**EXERCISE AIM:**
All that should come back is the lines of the data below from the one containing "black - Bild 1" to the one containing "Apartamento com 3", inclusive, exactly as they stand.

Source records
- - -
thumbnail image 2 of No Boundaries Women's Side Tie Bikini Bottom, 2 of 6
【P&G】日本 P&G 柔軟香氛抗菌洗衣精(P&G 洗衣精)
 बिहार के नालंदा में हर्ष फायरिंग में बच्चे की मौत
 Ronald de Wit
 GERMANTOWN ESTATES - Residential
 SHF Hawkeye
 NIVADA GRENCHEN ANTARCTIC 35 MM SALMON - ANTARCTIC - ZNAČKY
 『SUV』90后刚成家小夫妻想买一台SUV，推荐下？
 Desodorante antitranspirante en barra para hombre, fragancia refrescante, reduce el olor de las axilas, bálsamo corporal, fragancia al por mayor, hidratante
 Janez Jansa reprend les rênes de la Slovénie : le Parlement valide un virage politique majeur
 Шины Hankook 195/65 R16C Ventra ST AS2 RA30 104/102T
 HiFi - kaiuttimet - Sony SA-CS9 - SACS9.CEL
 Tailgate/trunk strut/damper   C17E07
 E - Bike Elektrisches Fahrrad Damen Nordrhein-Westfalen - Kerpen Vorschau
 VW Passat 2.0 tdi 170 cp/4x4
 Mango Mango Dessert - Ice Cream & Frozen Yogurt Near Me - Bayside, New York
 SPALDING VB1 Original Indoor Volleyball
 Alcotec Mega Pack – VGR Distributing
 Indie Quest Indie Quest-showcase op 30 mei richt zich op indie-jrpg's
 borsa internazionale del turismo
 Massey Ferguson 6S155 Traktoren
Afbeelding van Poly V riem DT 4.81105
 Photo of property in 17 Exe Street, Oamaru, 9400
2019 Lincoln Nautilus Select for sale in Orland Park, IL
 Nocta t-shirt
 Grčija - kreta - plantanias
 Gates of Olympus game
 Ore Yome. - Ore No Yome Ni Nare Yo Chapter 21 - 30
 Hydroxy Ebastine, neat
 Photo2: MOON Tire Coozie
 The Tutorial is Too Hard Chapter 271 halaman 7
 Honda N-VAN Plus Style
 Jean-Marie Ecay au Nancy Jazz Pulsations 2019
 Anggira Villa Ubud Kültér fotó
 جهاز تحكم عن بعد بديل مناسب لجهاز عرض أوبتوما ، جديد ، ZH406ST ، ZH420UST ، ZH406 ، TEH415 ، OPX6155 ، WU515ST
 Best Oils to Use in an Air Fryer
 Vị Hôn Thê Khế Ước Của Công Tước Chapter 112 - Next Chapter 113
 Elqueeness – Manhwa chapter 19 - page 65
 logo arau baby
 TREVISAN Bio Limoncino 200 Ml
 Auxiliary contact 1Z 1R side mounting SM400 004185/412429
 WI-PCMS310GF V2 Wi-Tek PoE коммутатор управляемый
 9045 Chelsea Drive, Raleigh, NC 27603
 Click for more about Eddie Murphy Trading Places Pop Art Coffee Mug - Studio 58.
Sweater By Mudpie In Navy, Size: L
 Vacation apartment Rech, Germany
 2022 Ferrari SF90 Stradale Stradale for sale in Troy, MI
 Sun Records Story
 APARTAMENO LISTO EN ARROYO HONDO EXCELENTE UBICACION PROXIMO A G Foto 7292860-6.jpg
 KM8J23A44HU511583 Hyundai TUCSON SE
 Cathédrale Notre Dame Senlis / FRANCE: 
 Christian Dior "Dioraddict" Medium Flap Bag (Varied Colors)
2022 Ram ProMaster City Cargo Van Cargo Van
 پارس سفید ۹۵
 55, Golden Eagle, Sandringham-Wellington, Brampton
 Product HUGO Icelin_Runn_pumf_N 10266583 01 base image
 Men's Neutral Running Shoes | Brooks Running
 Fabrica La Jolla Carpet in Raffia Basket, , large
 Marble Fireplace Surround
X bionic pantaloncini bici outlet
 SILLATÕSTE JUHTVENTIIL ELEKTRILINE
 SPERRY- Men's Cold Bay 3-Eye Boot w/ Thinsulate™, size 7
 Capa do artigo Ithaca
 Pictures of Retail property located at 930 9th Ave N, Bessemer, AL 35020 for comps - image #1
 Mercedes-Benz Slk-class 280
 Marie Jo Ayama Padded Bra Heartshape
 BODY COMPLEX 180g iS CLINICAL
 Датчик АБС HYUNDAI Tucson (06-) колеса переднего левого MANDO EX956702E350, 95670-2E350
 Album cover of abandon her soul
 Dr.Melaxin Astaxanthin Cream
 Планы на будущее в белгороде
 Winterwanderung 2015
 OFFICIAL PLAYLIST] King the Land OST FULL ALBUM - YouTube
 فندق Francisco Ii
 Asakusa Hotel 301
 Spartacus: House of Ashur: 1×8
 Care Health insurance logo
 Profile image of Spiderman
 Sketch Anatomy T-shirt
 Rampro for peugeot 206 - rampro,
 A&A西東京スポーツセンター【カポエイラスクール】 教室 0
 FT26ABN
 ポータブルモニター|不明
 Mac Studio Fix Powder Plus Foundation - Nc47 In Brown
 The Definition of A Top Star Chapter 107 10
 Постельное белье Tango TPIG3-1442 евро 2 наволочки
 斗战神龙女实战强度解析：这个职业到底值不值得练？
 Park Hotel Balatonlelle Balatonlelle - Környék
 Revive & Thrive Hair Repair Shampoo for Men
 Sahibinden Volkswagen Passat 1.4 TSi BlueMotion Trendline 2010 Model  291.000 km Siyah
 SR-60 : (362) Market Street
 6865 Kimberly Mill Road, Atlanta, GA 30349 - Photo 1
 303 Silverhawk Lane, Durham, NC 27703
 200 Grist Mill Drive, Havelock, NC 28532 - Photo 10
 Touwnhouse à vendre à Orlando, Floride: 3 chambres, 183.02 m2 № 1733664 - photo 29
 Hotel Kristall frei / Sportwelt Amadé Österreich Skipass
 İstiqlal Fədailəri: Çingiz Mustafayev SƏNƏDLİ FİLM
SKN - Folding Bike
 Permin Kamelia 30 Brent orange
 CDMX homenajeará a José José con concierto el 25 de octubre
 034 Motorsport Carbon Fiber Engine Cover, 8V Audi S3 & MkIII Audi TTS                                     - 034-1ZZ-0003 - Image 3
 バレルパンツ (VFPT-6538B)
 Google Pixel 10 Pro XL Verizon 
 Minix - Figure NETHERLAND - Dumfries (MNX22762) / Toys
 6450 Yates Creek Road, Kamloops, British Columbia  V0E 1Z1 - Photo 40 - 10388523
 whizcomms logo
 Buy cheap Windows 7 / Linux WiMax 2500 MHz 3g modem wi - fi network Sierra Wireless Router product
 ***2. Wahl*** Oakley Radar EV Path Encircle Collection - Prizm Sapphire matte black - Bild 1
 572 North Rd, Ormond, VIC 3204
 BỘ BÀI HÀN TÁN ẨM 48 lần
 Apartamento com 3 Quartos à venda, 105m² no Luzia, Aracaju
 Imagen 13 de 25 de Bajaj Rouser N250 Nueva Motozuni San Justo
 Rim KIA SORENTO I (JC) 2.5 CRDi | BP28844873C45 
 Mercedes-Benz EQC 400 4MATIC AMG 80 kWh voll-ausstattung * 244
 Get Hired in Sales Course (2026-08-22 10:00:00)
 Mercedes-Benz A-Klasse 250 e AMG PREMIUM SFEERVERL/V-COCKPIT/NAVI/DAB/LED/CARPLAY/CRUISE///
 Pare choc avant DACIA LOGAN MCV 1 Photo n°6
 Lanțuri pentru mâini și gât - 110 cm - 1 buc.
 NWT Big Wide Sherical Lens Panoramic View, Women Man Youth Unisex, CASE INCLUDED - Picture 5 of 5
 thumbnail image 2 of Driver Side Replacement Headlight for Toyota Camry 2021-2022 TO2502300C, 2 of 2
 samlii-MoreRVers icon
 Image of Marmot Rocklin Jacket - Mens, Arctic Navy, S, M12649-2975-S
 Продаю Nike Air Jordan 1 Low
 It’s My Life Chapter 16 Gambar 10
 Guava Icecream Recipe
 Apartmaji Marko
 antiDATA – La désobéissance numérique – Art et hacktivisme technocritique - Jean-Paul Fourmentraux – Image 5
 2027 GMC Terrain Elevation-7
- - -
**RESULT OF THE EXERCISE:**
 ***2. Wahl*** Oakley Radar EV Path Encircle Collection - Prizm Sapphire matte black - Bild 1
 572 North Rd, Ormond, VIC 3204
 BỘ BÀI HÀN TÁN ẨM 48 lần
 Apartamento com 3 Quartos à venda, 105m² no Luzia, Aracaju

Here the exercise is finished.